The thing is, I feel like I'm far more attached to my family back home than some people can understand. Some volunteers here are more independent from their families. Although I view myself as someone who is independent and strong, I have no shame admitting that I am deeply connected to my family and friends in America. Before coming here, I always spoke with my mom AT LEAST once a day. I saw her, my sister, and my grandmother frequently. My aunts and cousins also join in about once or twice a week for family dinners somewhere nice....not to mention, every holiday was another excuse for us to all get together over some good food and wine. I had a solid group of friends whom I saw regularly. My dog is the love of my life, and I planned everything in my life around spending time with her. I can't help but feel like I am missing out on so much by being here....like everything at home is changing drastically, and I'm missing all of it.
The thing is, I know I'm missing out on a lot. I know nothing will be the same when I get back. I also know I'm experiencing a lot by being here. I'm in love with my city, my counterpart, my school, and a select few individuals who have invested time in getting to know and support me. Some days, like yesterday, are far too overwhelming for me though. I often fight the urge to call my family, look at photos, of think about everything I miss. Then, some days, I cave.
When you are going through PC training, the admin people will often ask you how you will deal with being stressed, homesick, or depressed. Naturally, I answered honestly:
-I'll find a new hobby.
What a volunteer is not aware of is the lack of resources for those activities. For instance, it's taken 5 months for me to find acrylic paint here. I just bought it last week while I was in Skopje. Yesterday, my first thought was to paint, however, I had no surface to paint on. Canvases don't exactly exist here, which leaves me with cardboard boxes or regular paper....not exactly fulfilling. So I decided to cook, which again provides a lack of resources. Although I must give myself credit for finding ways to cook a good meal here, on my bad days, I often want something familiar....like a casserole, yet they do not sell the required ingredients here. I cant even get fresh produce right now, other than apples, because of the winter. Even the cabbage here is turning brown. I then turn to exercising, which by the time I think about it, I cant even motivate myself. In America, I made myself go to the gym, but I dont have that option here. So instead, I find myself turning on a movie, which is exactly what PC told us not to do.

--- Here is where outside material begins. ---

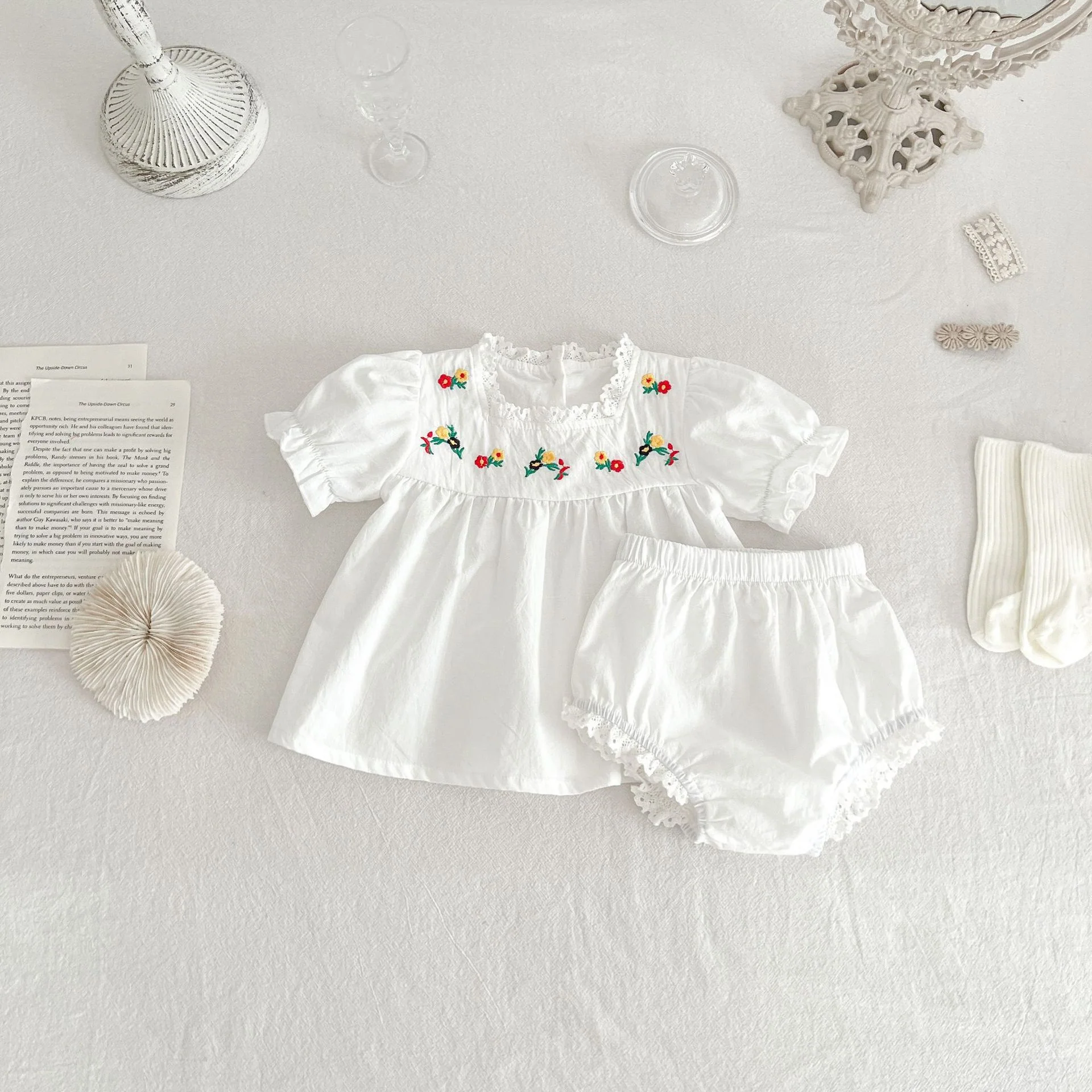 Ensemble d'été 2 pièces brodé pour bébé fille – Image 4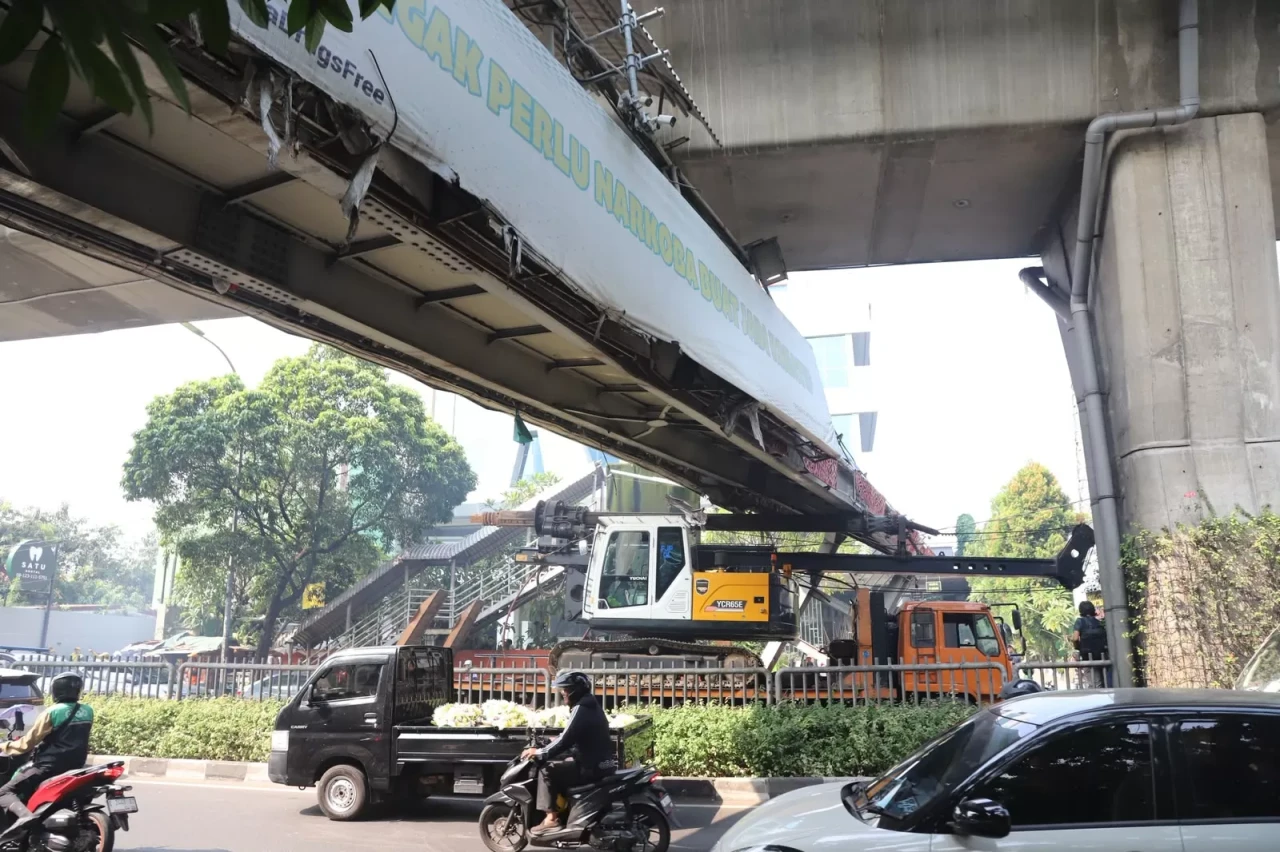 Truk Kontainer Tersangkut...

I know that the warmer days will be good for me. I know being outside is what I need. The dance studio should be final this week, which will provide the exercise I need. I also need to really get back into my other projects, like the animal facility. I know I'll have my bad days, and I know I'll have my good days. The purpose of this post is to vent without worrying what people will say, even if I end up on someone's ET list. I think it's important to be honest with yourself, especially through writing. Already, I feel MUCH better today.